-- Provided records follows --

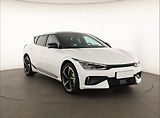 Kia EV6 (2023) GT AWD 77.4 kWh, SoH 99% - náhled 1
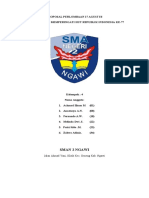 Proposal Kelompok 4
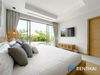 listing thumbnail image 13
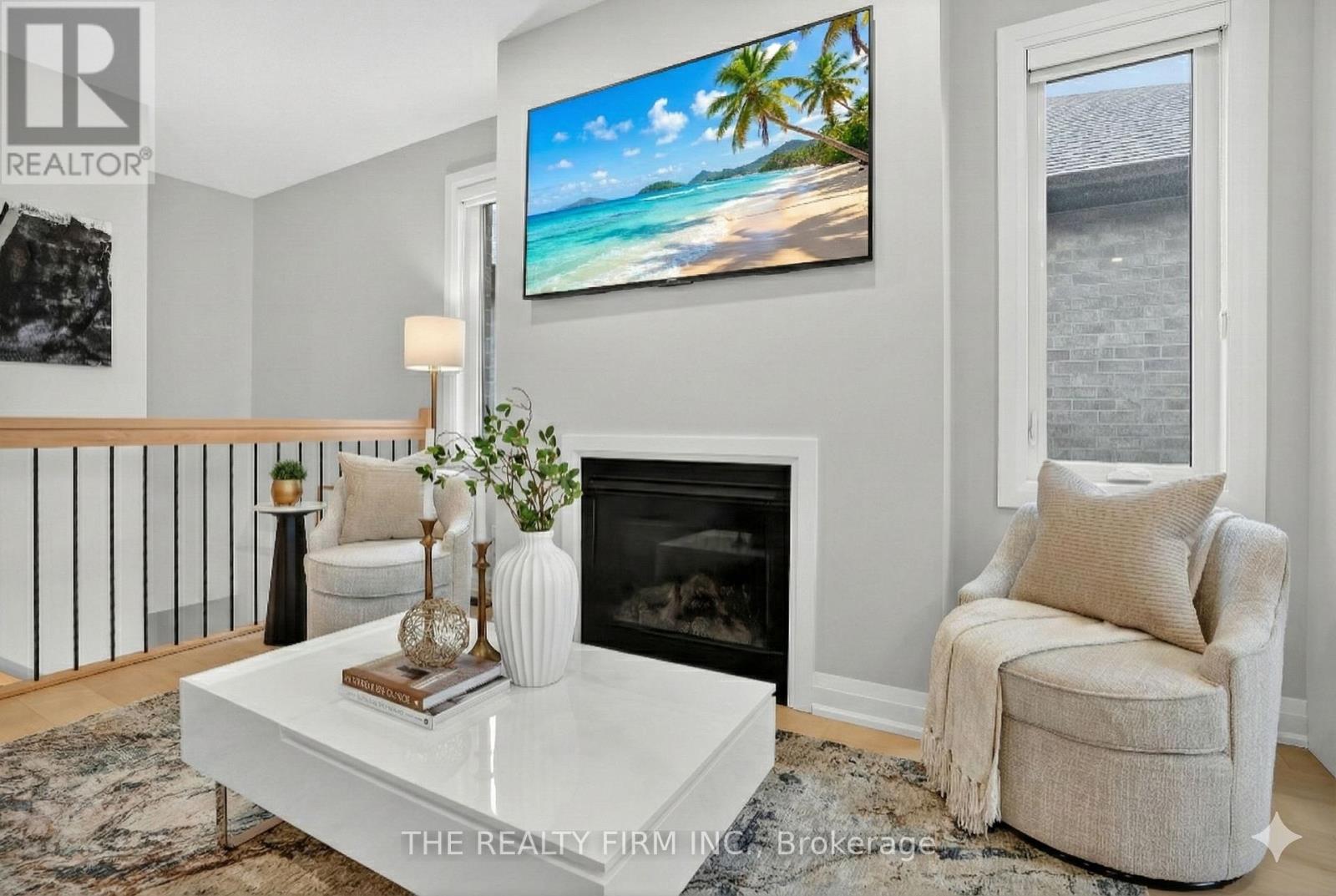 8 - 383 Daventry Way, Middlesex Centre, Ontario N0L 1R0 - Photo 8 - X12803180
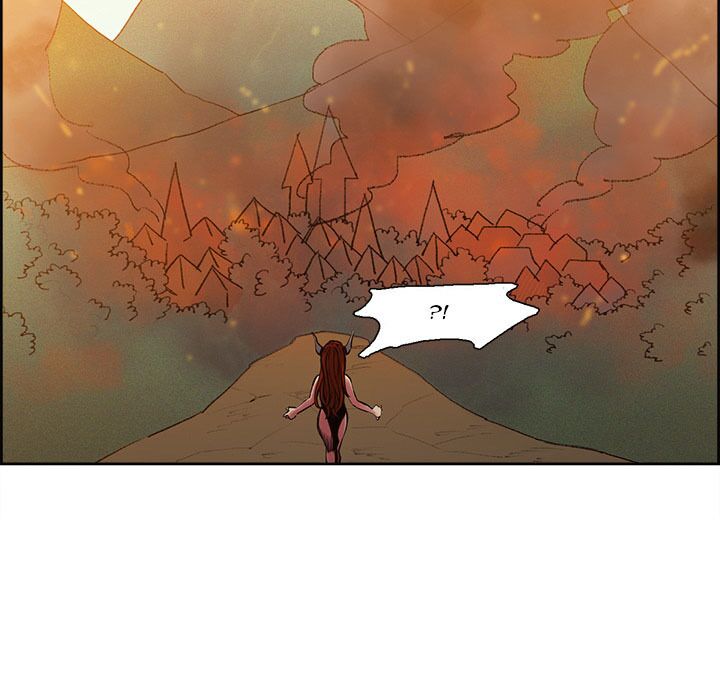 Dâm Dục Hùng: Chapter 48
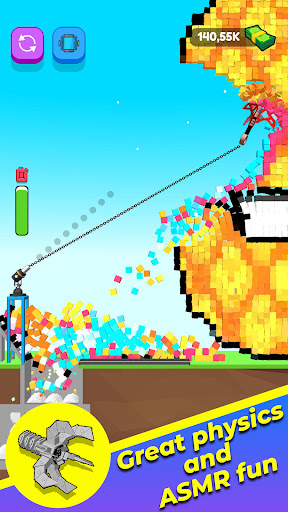 screenshots_2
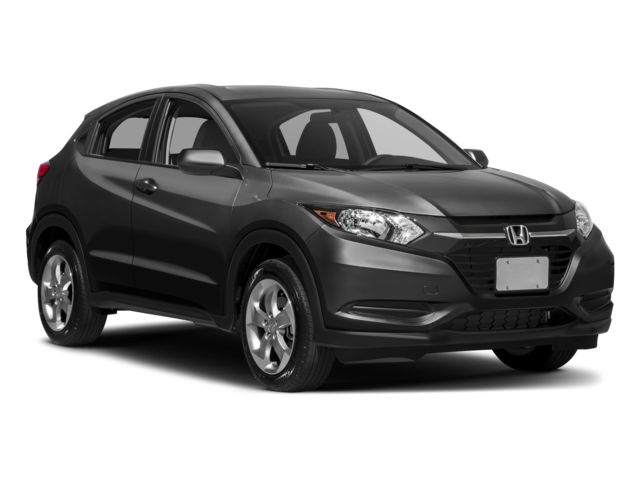 Used 2017  Honda LX image 6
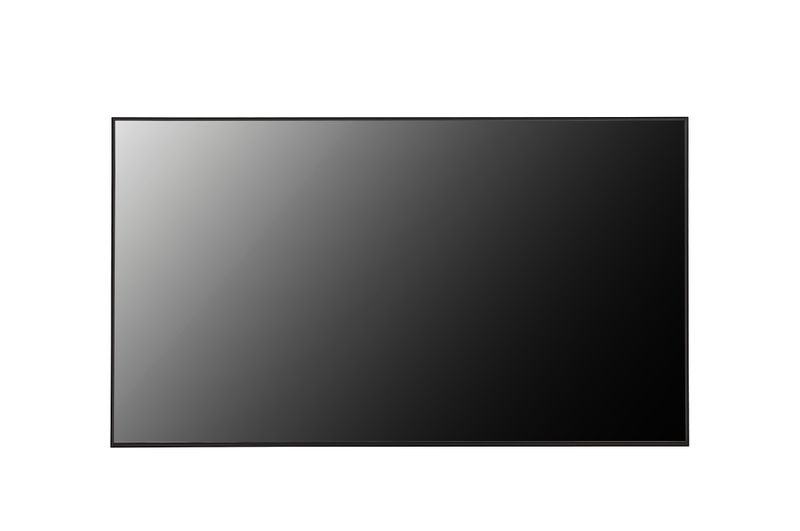 65'' LG LED 65UH5N-M - UHD, 500cd, IPS, 24/7
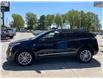 2023 Cadillac XT5 Sport (Stk: RC01399R) in LaSalle - Image 8 of 32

-- Provided records concluded --

What you need to do
Take the line containing "Dâm Dục Hùng: Chapter 48" and every line after it through the end of the data, and write them out exactly, with no pictures.

Result
 Dâm Dục Hùng: Chapter 48
 screenshots_2
 Used 2017  Honda LX image 6
 65'' LG LED 65UH5N-M - UHD, 500cd, IPS, 24/7
 2023 Cadillac XT5 Sport (Stk: RC01399R) in LaSalle - Image 8 of 32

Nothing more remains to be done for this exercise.